Supplied data Start Marker
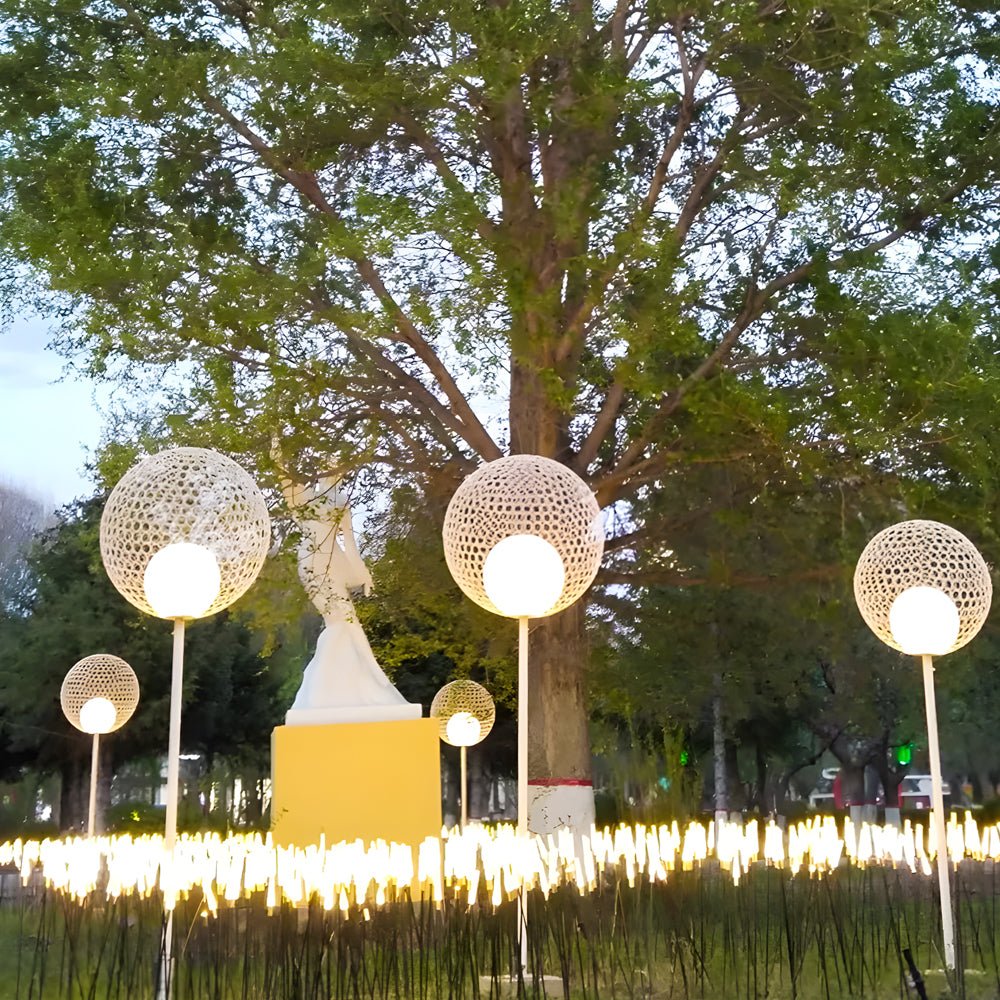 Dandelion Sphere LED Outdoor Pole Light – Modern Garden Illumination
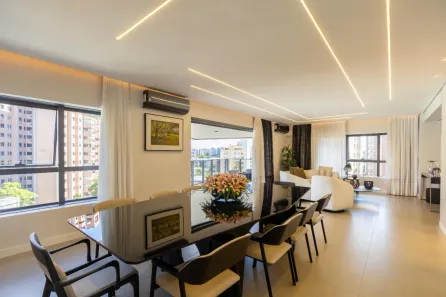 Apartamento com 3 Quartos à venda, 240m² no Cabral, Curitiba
Supplied data End Marker
Supplied data Start Marker
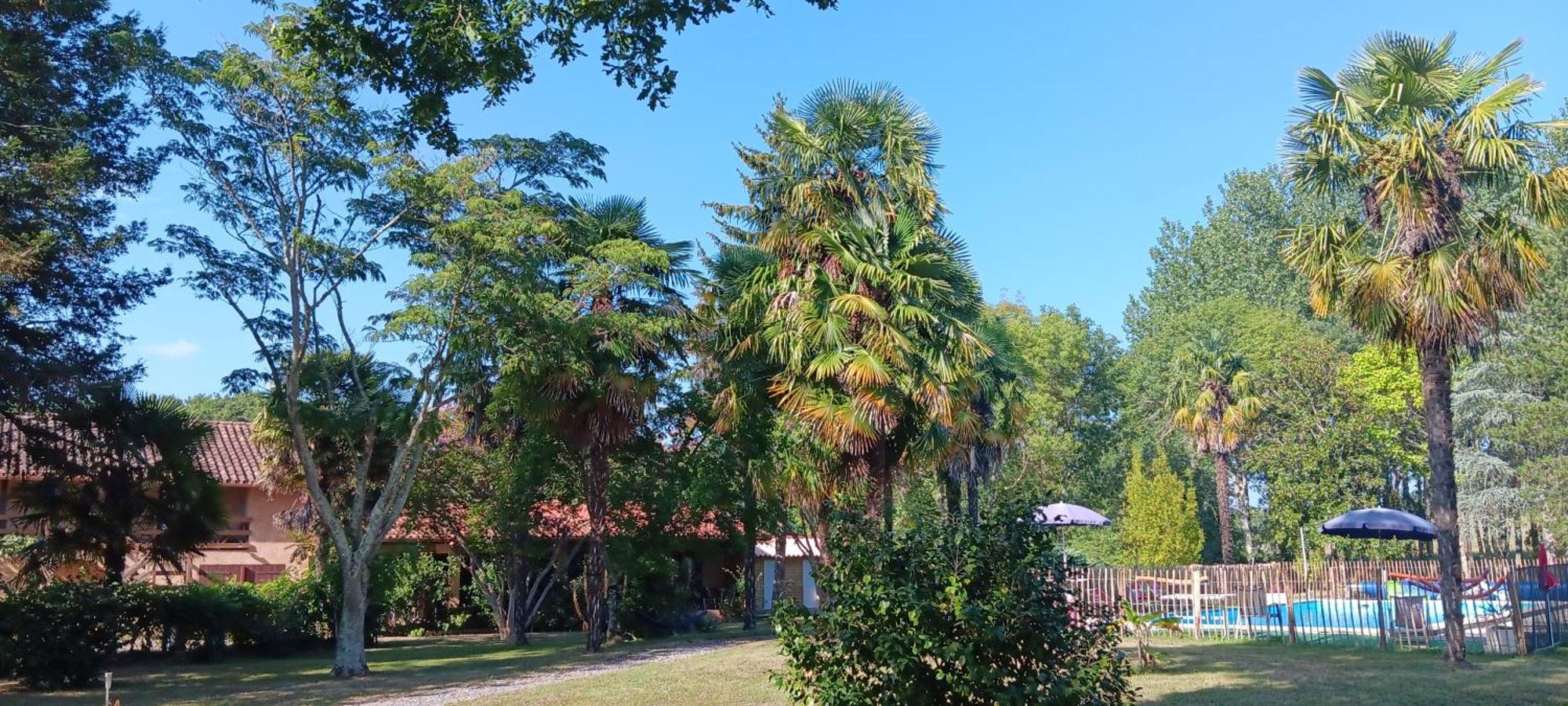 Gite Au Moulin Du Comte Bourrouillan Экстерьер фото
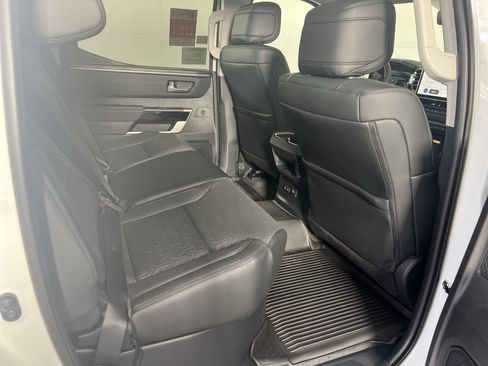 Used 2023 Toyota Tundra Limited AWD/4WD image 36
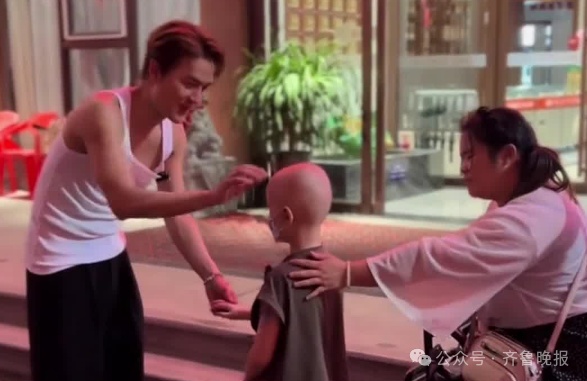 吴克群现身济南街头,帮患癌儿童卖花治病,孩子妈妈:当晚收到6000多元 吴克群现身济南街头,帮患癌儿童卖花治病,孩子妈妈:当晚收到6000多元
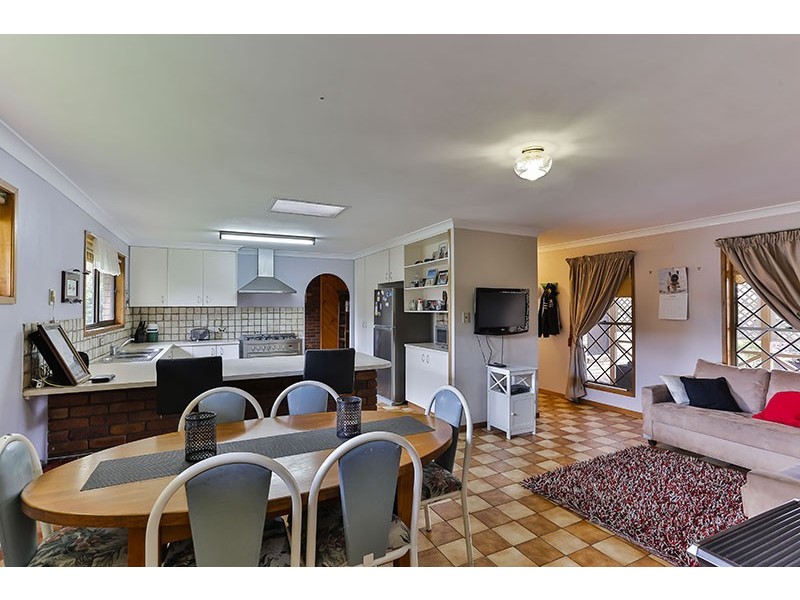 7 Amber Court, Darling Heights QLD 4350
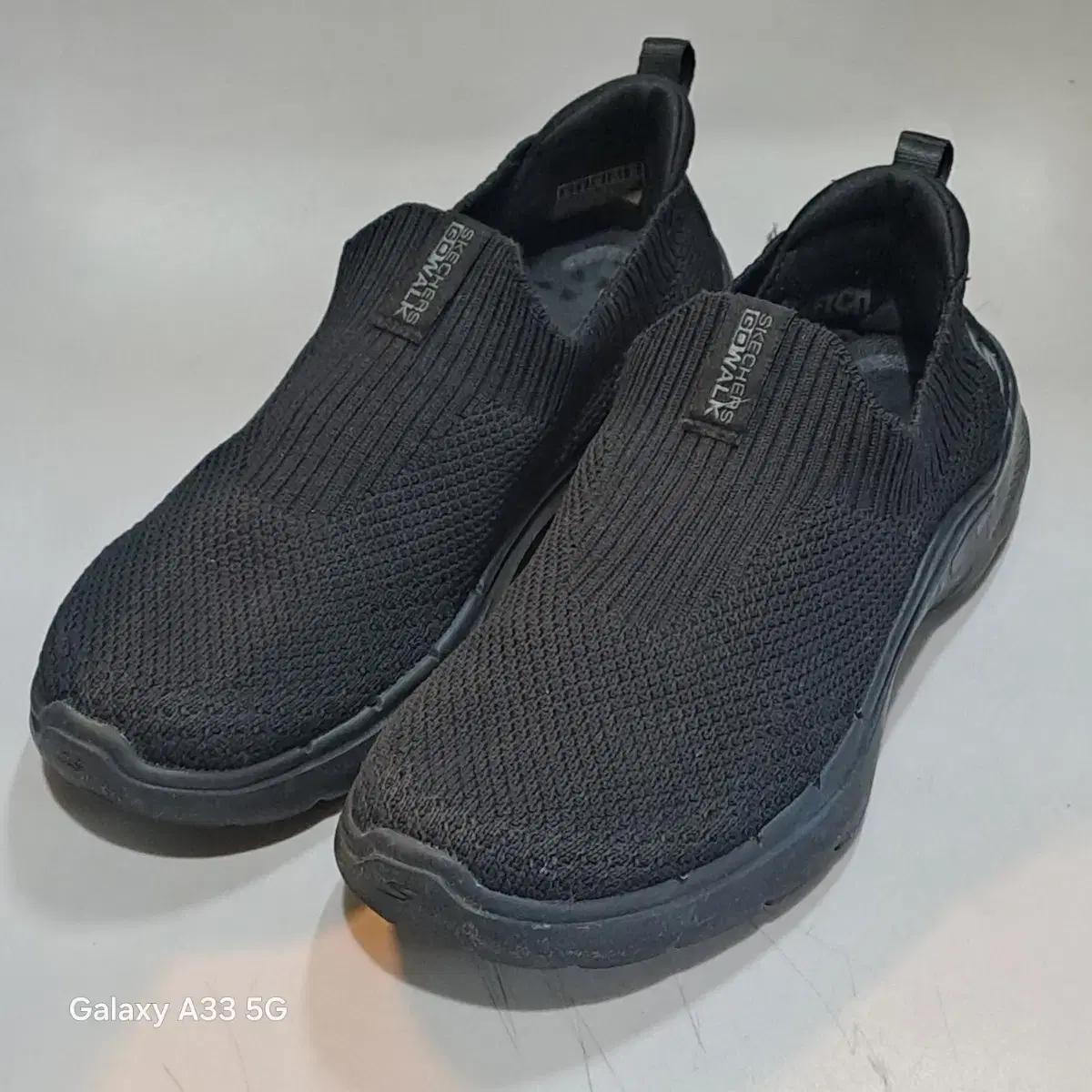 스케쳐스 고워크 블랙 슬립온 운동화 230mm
Supplied data End Marker
■ Task goal ■
Look above for the line with "Dandelion Sphere LED" and the line with "Apartamento com 3". Give again exactly those two lines and all lines between them, pictures excluded.

■ Written response ■
 Dandelion Sphere LED Outdoor Pole Light – Modern Garden Illumination
 Apartamento com 3 Quartos à venda, 240m² no Cabral, Curitiba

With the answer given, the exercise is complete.